● Raw data:
━━━━━━━━━━━━━━━━━━━━━━━━━━━━━━

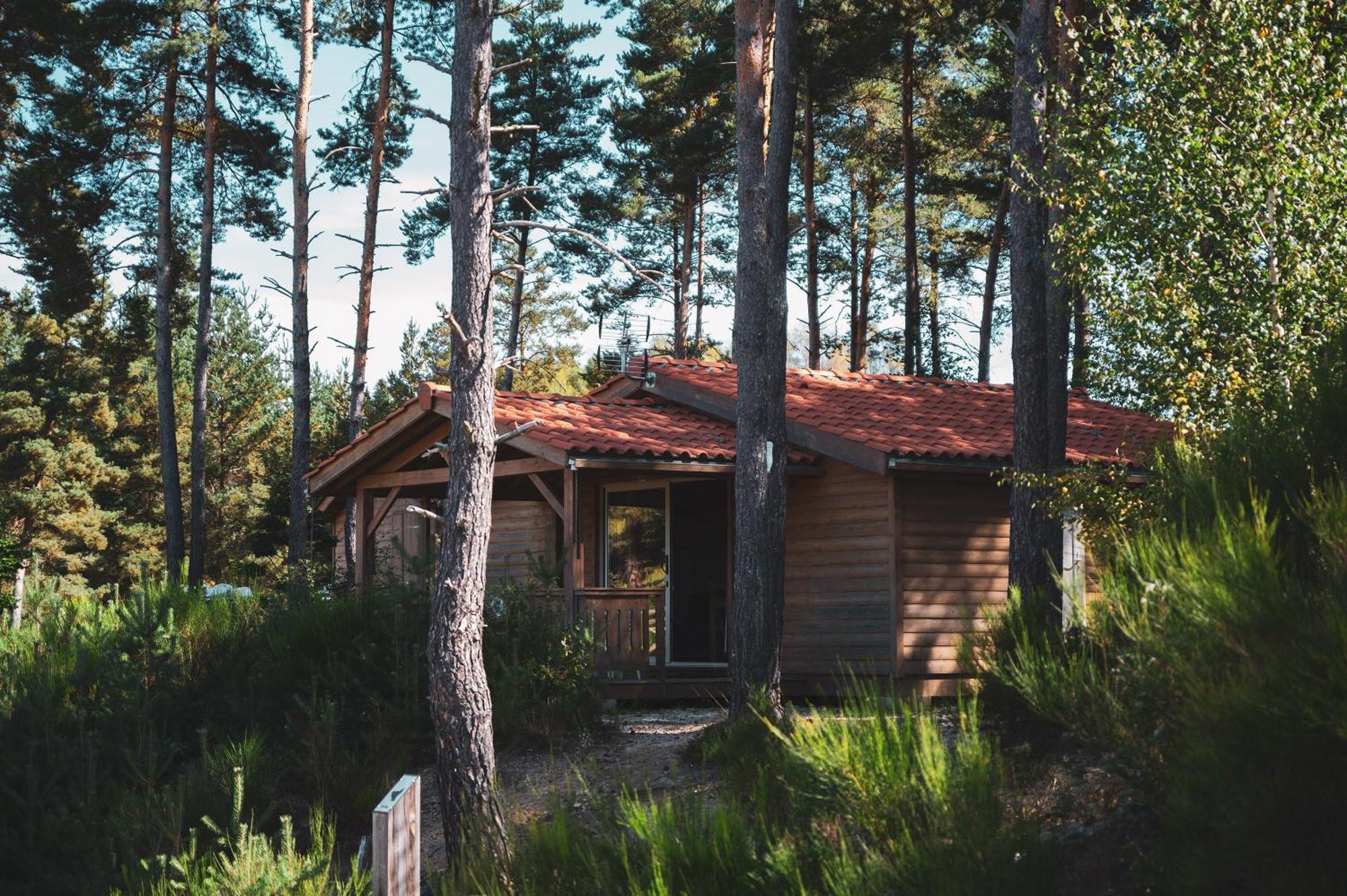 Les Chalets Du Haut-Forez Usson-en-Forez Экстерьер фото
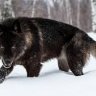 _lonelyWolf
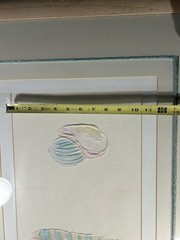 Vanguard Studios Coastal Seashell Embossed Wall Art 39.5”x27.5” Framed USA Vntg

━━━━━━━━━━━━━━━━━━━━━━━━━━━━━━

● Problem to work on:
Set down each line of the material exactly and skip every image.

● Worked solution:
 Les Chalets Du Haut-Forez Usson-en-Forez Экстерьер фото
 _lonelyWolf
 Vanguard Studios Coastal Seashell Embossed Wall Art 39.5”x27.5” Framed USA Vntg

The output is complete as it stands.